Kickoff For October 24, 2022

Welcome to this week’s edition of the Monday Kickoff, a collection of what I’ve found interesting, informative, and insightful on the web over the last seven days.

It’s Labour Day in this part of the world, which means a long weekend. I could get used to this …

Let’s get this Monday started with these links:

How to Embrace Doing Nothing, wherein Arthur C. Brooks looks at how difficult it can be to put your feet up, at the value of leisure as opposed to rest, and why learning to do nothing is good for us.

The ejector seats that fire through the floor, wherein we learn a bit about the history of pilots being able to abandon military aircraft in mid flight, and how engineers had to come up with some radical solutions to help crew safely exit stricken jet craft.

What We Gain from a Good Bookstore, wherein Max Norman argues that bookstores are more than just physical spaces for buying dead-tree tomes, but are places of discovery (in many forms).

The Story Of Neil McCauley And The Real Heist That Inspired Michael Mann’s ‘Heat’, wherein we learn a bit about the career, mindset, and eventual downfall of the consummate real-life criminal immortalized in the 1990s heist classic.

Long Live Participatory Socialism!, wherein Thomas Piketty details his ideas around reducing or eliminating inequalities by changing the legal, fiscal and social systems of individual countries.

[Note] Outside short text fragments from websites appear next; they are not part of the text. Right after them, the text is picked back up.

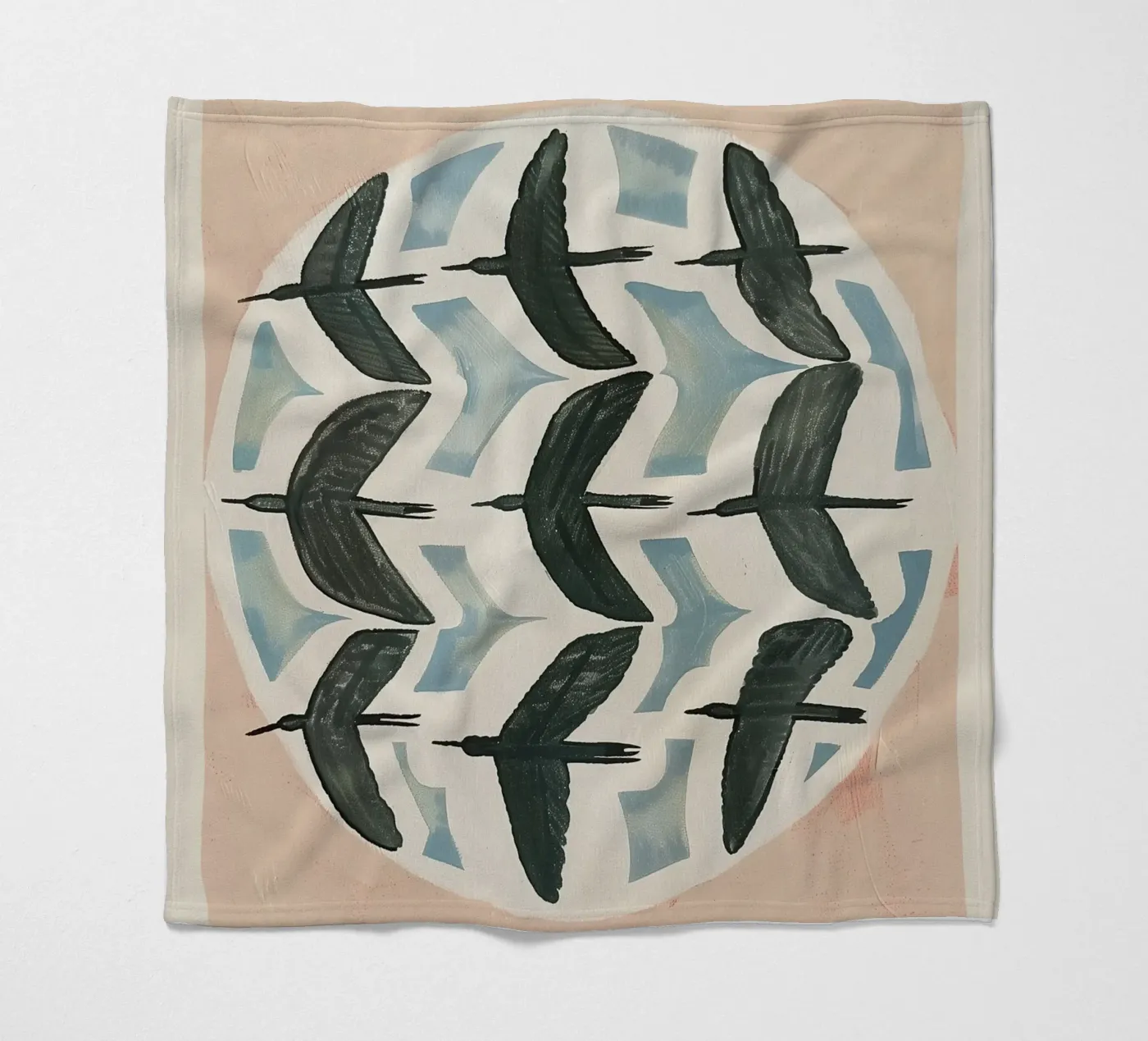 Soft Migration coperta in pile da Sienna Atelier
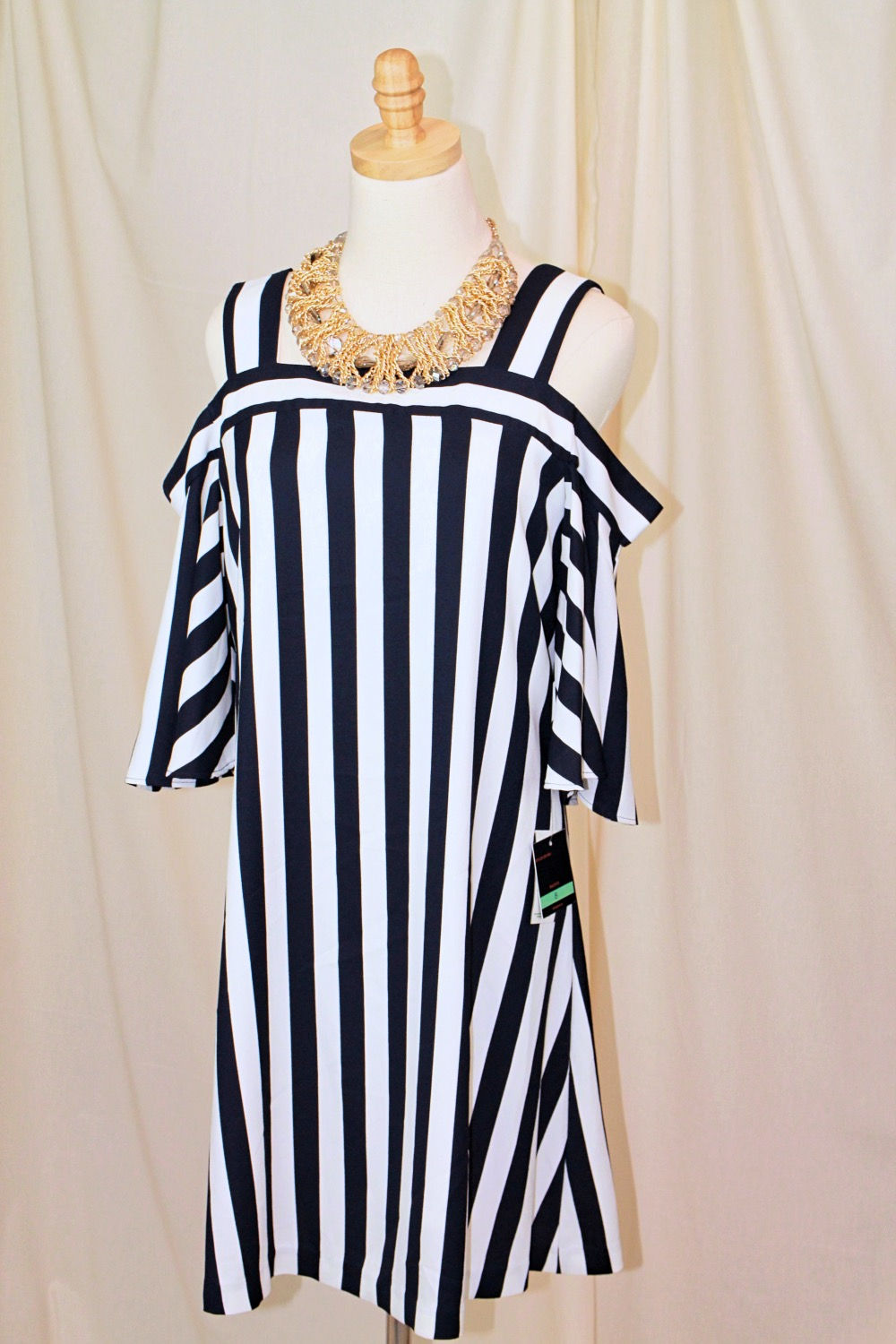 Just Taylor Striped Dress Size (8)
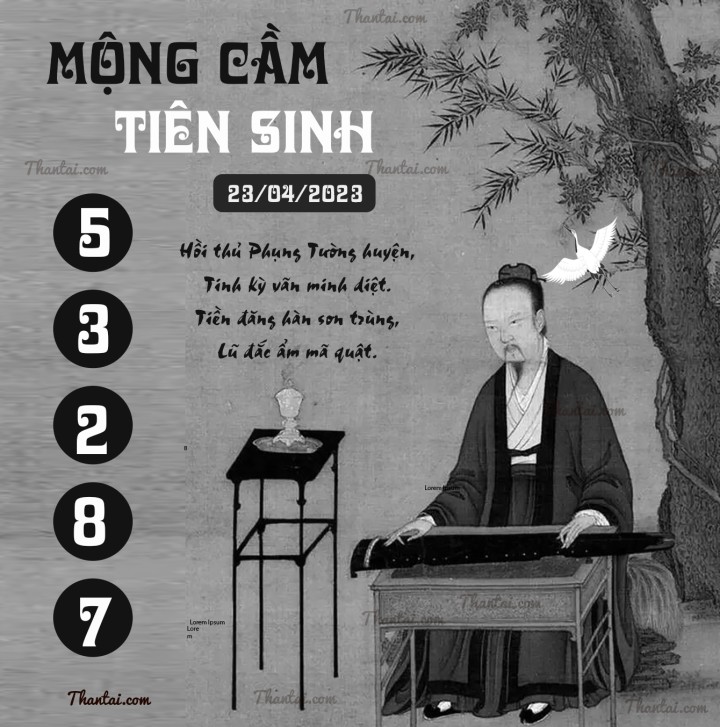 MỘNG CẦM TIÊN SINH 08/04/2023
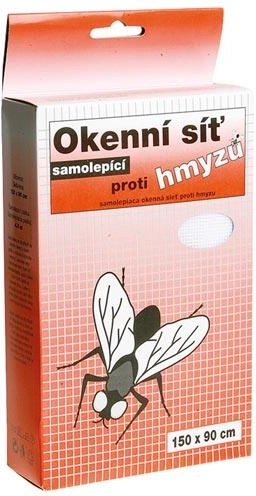 Savaime prilimpantis lango tinklelis nuo vabzdžių 150 × 180 cm (stiklo pluoštas, baltas)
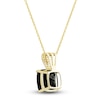 Thumbnail Image 3 of Natural Onyx Pendant Necklace 1/20 ct tw Diamonds 10K Yellow Gold 18&quot;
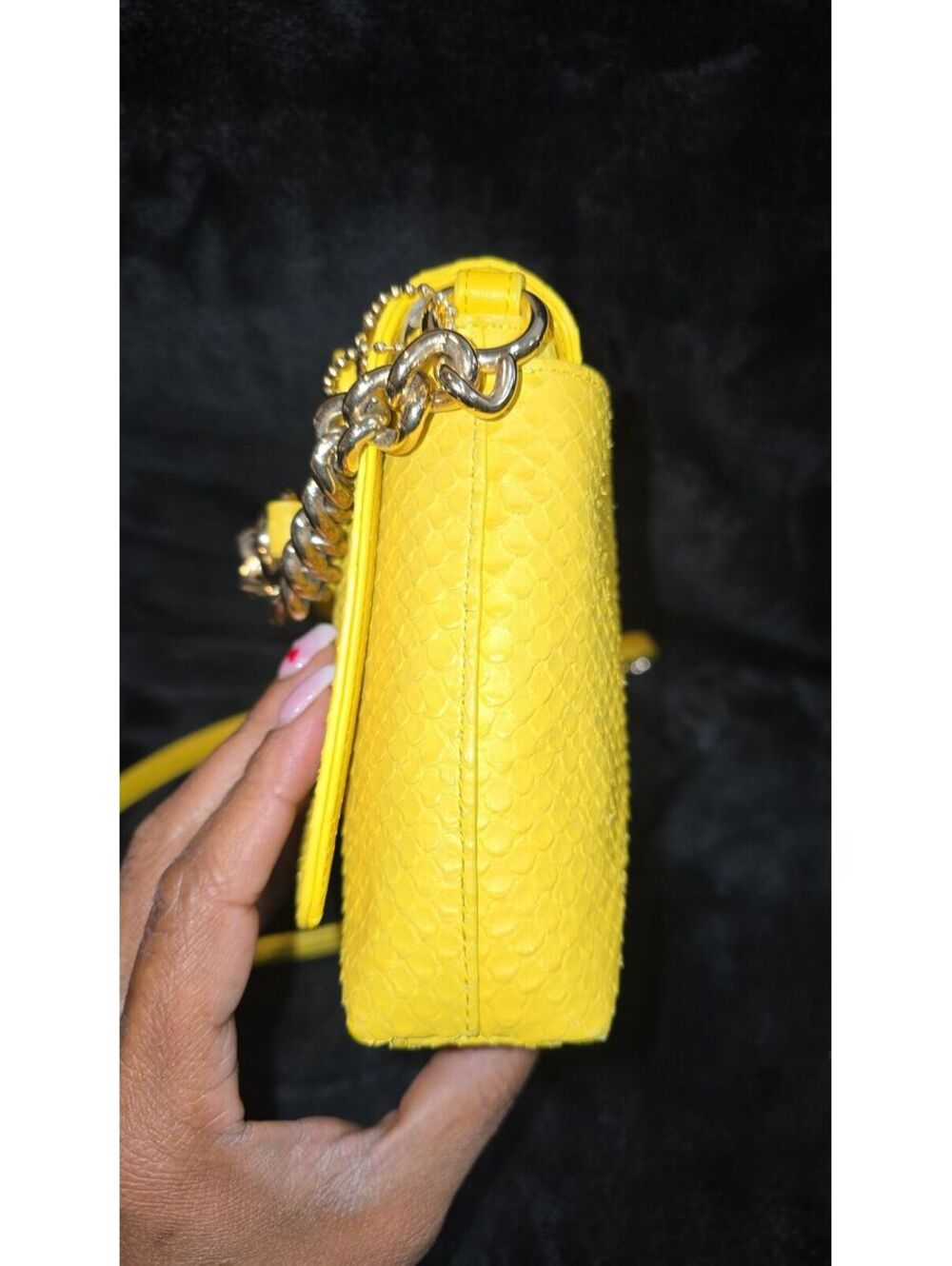 78. Coach 2015 Crosstown Crossbody In Embossed Python Leather - Picture 3 of 8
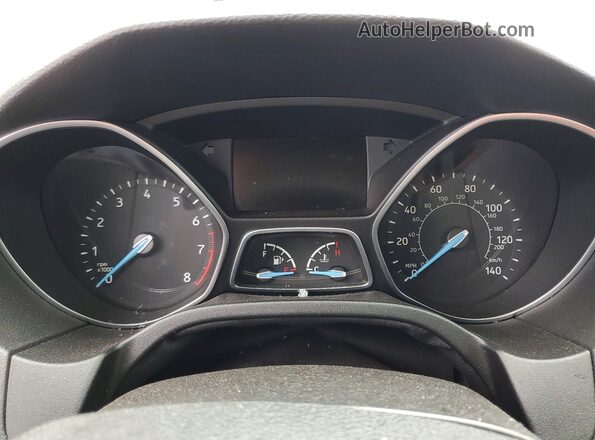 1FADP3FE5JL312824 2018 FORD FOCUS Charcoal Սարքավորումների վահանակի տեսք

Could learning algebra in my 60s make me smarter?, wherein writer (and confessed math-phobe) Alex Wilkinson recounts how his struggles to try to learn some basic mathematics and what he learned not only about math but also about himself.

The yodeler who sued Yahoo, wherein we learn about Wylie Gustafson, the singer behind the search company’s distinctive yodel, and his struggle to get payment for those iconic three seconds after Yahoo! used his vocal in ways that was contrary to their original deal.

The Garbage Dumps of Mars, wherein Caleb Scharf looks at another downside of living on the Red Planet: all the waste that colonists will generate, and what will happen to it.

Tripping the Late Capitalist Sublime, wherein Jason Blair explores how corporations co-opt art and culture to keep us consuming and, in some ways, under their thumbs.

And that’s it for this Monday. Come back in seven days for another set of links to start off your week.